There is also a danger that major funders will be reluctant to invest in future studies unless there is a strategy to ensure this does not happen again. Of course, the conduct of clinical trials must be exemplary in all respects, and subjected to open scrutiny at all times, and all ethical and research governance requirements followed, but this was the case with COAST. So what went wrong? The answer here may not only lie in the clinical trial itself but also the fundamental role of global health researchers and the management of the collaborations as well as engagement of local communities and stakeholders that participate in the trials. Strategies to engage a broader range of stakeholders including Northern and Southern collaborators, clinicians, and community members in the research design are critical.[17-19] The engagement of the wider community and population to understand science and the complexities of trial design and scientific research has been starkly brought to the fore with COVID-19 and vaccines. The infodemic around COVID-19 and the tension of societal engagement with science and social media poses have been highlighted.[20] This really worrying trend is also exhibited across the world by increasing numbers of politicians who are apparently truth blind, believing that what they want to be true in the face of the evidence. The pressing question to us all, everywhere in the world is, do we want our clinical practice and research to be informed by science or social media.

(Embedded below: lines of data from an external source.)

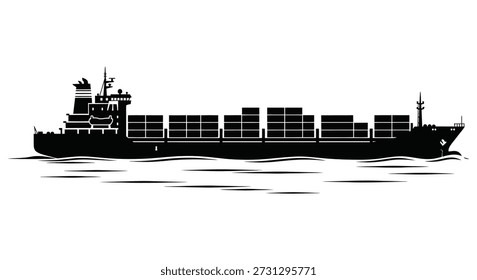 Una silueta atrevida y negra representa un barco portacontenedores, mostrando una silueta distintiva y estilizada.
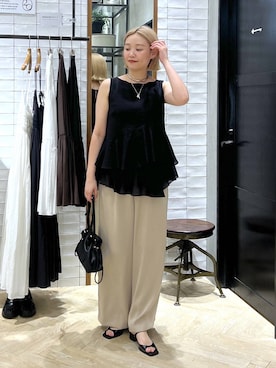 「A part by（アパートバイ）のキンチャクミニショルダバッグ（ショルダーバッグ、ブラック系）」を使った、momoさん（レディース・165cm）の夏コーディネート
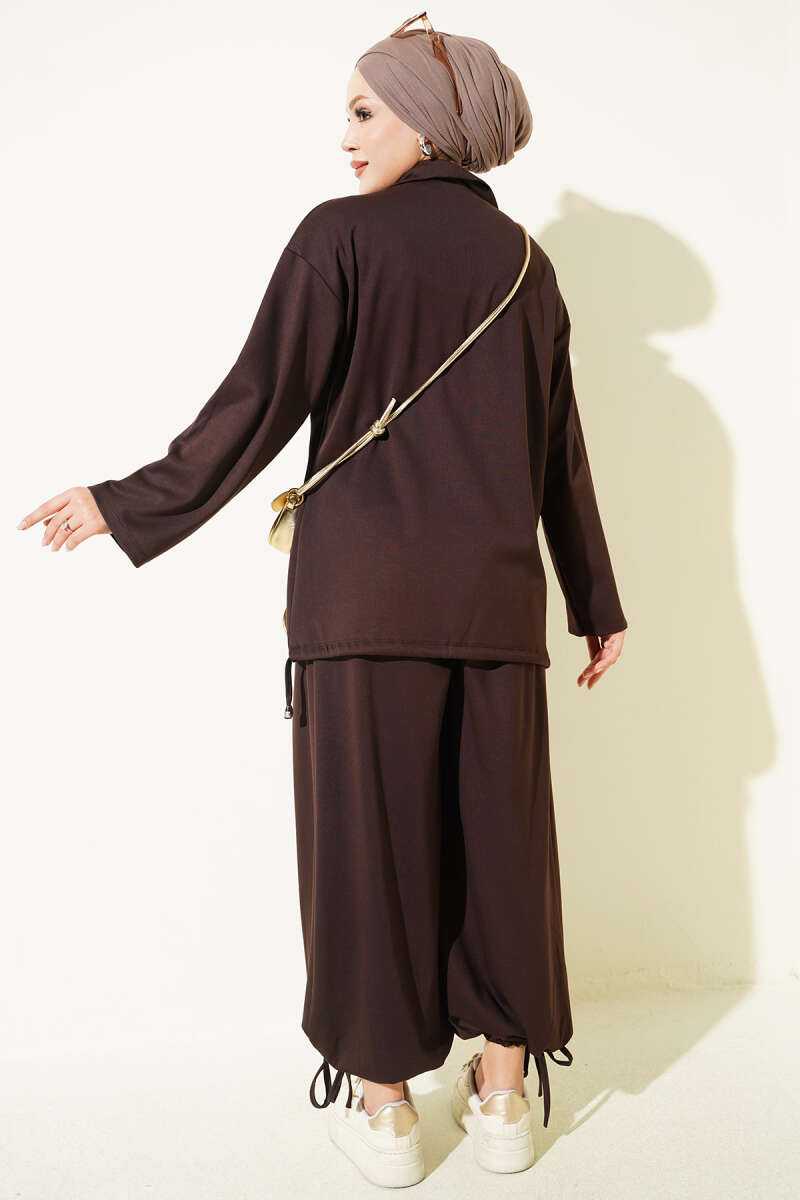 Zip-up Jogger Pants and Top Two-Piece Set Brown - Image 3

In the case of COAST, no Data Safety Monitoring Board would have halted the study given the interim results. Independent investigations by a range of medical bodies found that the trial was being conducted to the highest standards and that independent interim analyses had indicated no evidence of harm (see published COAST supplemental file for details).[11] Ethics and regulatory committees supported this view. In addition, National Paediatric Associations in Kenya and Uganda sent letters of endorsement. Members of the Trial Steering Committee also endorsed the trial. However a lay-led campaign to stop the trial on the grounds that children were being harmed was successful. Science versus social media requires a solution, and the best solutions will vary across the world. What is the African solution? This is for Africa to find, but one part of the solution could be the Pan-African Thoracic Society (PATS). The European Research Society will scrutinize and endorse pragmatic clinical trials; is there a role for PATS to scrutinize and endorse appropriate research in the respiratory field in Africa? Such an endorsement, with the authority of the society behind it, could greatly strengthen the hands of all those doing research in Africa, both from the continent and abroad, and provide reassurance that senior African researchers and clinicians are right behind the work. Such an approach could certainly reassure external funders.

High-quality, policy changing trials have been conducted in Africa in critically sick children, supported by approvals from the relevant ethics and regulatory boards, and resulted in guideline changes that have led to the saving of thousands of lives of African children.[12,21] If COAST had been able to deliver its objectives within the timeframe and funding window available, the tantalizing preliminary findings may have provided evidence for refinement of current guidelines. Nevertheless, another trial is now required to provide confirmation or otherwise of these findings. Finally, African children need evidence-based treatment, the search for which includes being able to challenge dogma in studies which are both ethical and conclusive.